Former Sudanese Slave to Speak at Stanford
Students for Open Society, a student group at Stanford University, is bringing a unique speaker to the Bay Area. The speaker is Simon Deng, an escaped Sudanese slave and a prominent human rights activist.
At the age of nine, Deng's village was raided by Arab troops. He watched his childhood friends get shot dead and his fellow villagers burned alive in their huts. He was abducted and given as a "gift" to an Arab family who enslaved him for several years. He offers riveting descriptions of his life as a slave.
But Deng provides more than just a horrifying account of his experiences as a child slave. He delivers a message pertinent to the livelihood of all free nations. Deng considers himself a "victim of jihad" and describes the racist, Islamic society in Sudan which operates with a binary worldview.
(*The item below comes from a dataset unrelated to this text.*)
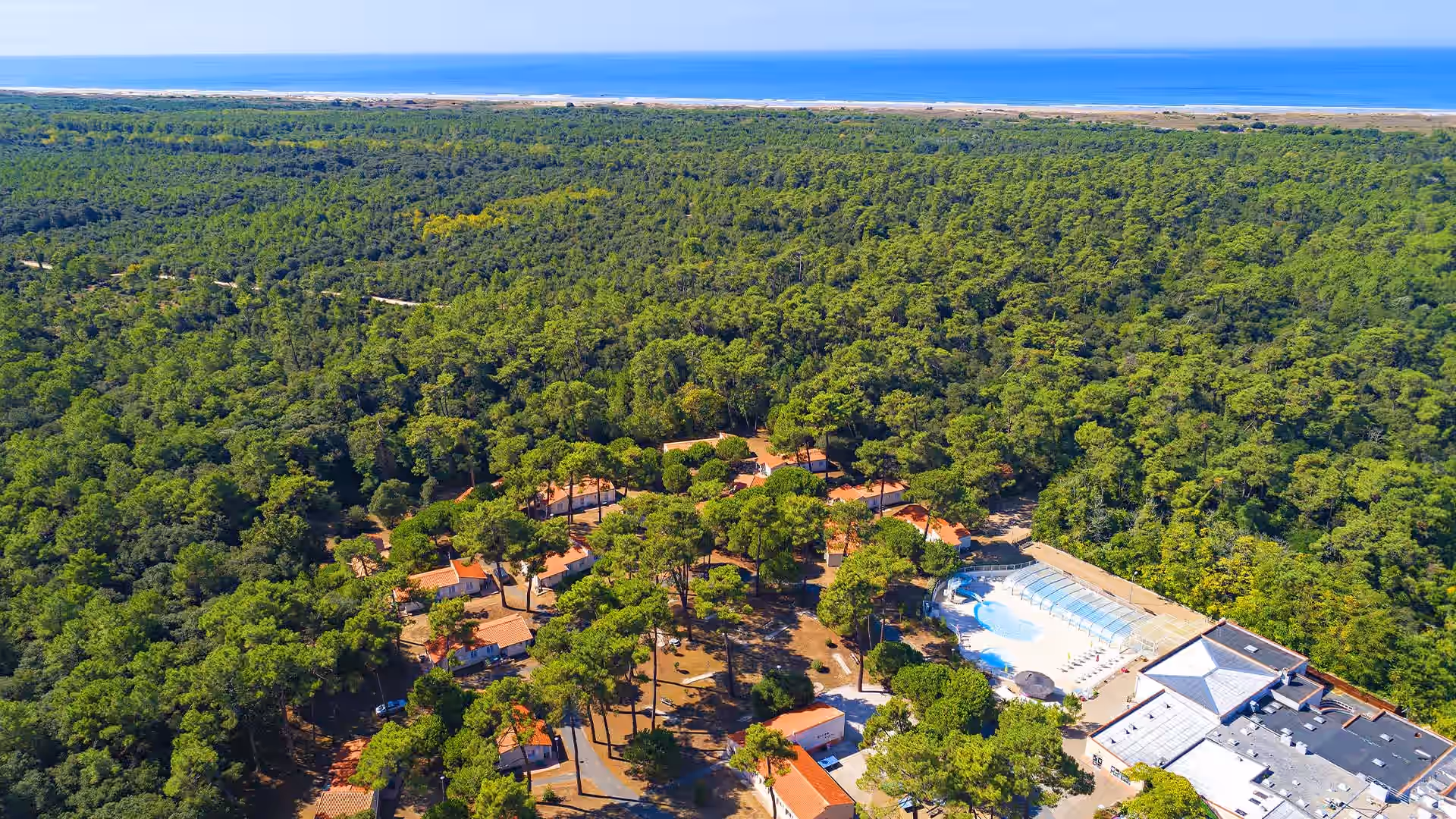 le village vacances d'azureva a l'ile d'oleron en charente maritime 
According to Deng, this worldview divides the world's population into two categories: Muslim and non-Muslim. "If you are not a Muslim, you are a khoufar, an infidel, an enemy, a human being with no right to life who may be treated with terrible inhumanity," Deng told a conference at the Palais des Nations in Geneva.
Deng is also unafraid to condemn the UN Human Rights Council, criticizing that its membership includes some of the most inhumane regimes in the world, including the regime of Sudan itself.
In addition, Deng has an impressive record as a human rights activist. In April 2006, Deng organized and participated in a 300-mile "freedom walk" from the UN headquarters in New York to the Capitol Building in Washington, D.C., where he met President Bush.
Deng is scheduled to participate in a rally in front of the Chinese consulate on Monday and speak at Stanford University on Tuesday, February 12 at 7:00 p.m. in Cubberley Auditorium. The event is open to the public.